◆ Exercise details: The listing below is to be duplicated exactly, with every picture omitted.
━━ Information shown
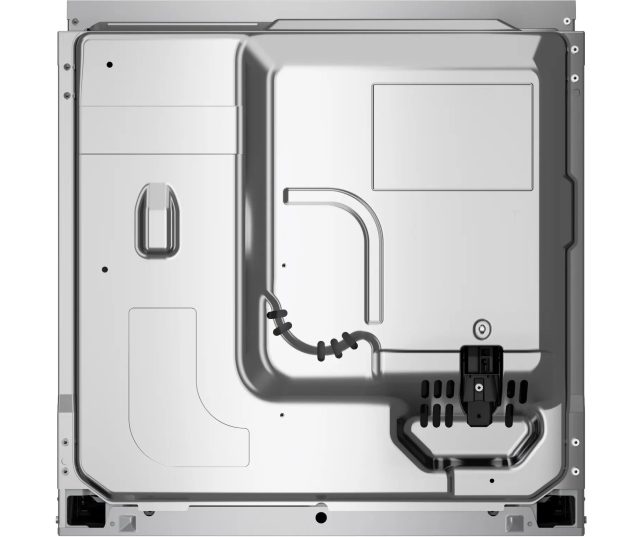 Bosch HSG7361B1 combi-stoomoven, achterkant opengewerkt met waterleiding en elektrische aansluiting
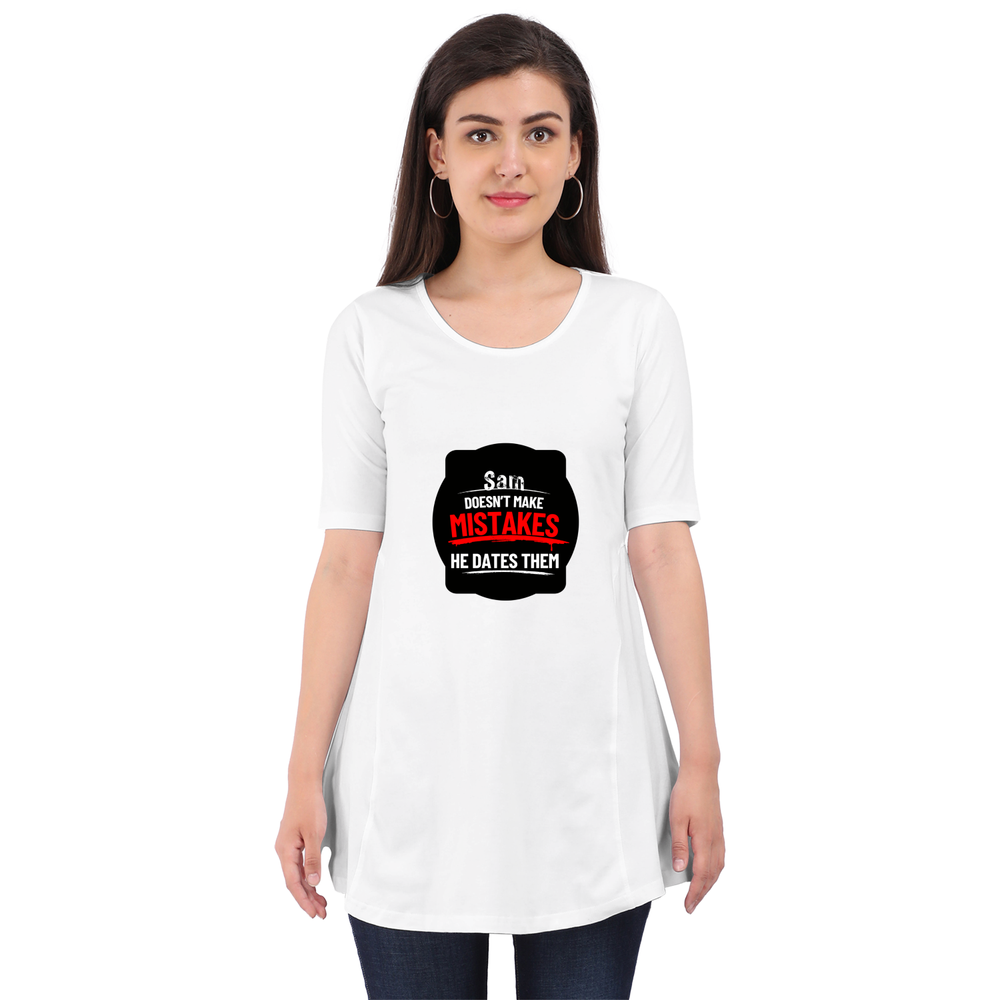 Female Maternity Dress | Regular Fit | Bio-Washed Cotton Blend | Double Stitched Seam | Women | Personalized | DTF | Bold Typography | Humor | Relationships | Casual | Amusing - front - White - mockup 1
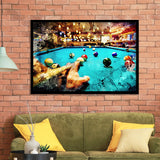 Billiards Canvas Print Framed Art Print Wall Decor - Painting Art, Framed Picture, Home Decor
━━━━
◆ Result for this task:
 Bosch HSG7361B1 combi-stoomoven, achterkant opengewerkt met waterleiding en elektrische aansluiting
 Female Maternity Dress | Regular Fit | Bio-Washed Cotton Blend | Double Stitched Seam | Women | Personalized | DTF | Bold Typography | Humor | Relationships | Casual | Amusing - front - White - mockup 1
 Billiards Canvas Print Framed Art Print Wall Decor - Painting Art, Framed Picture, Home Decor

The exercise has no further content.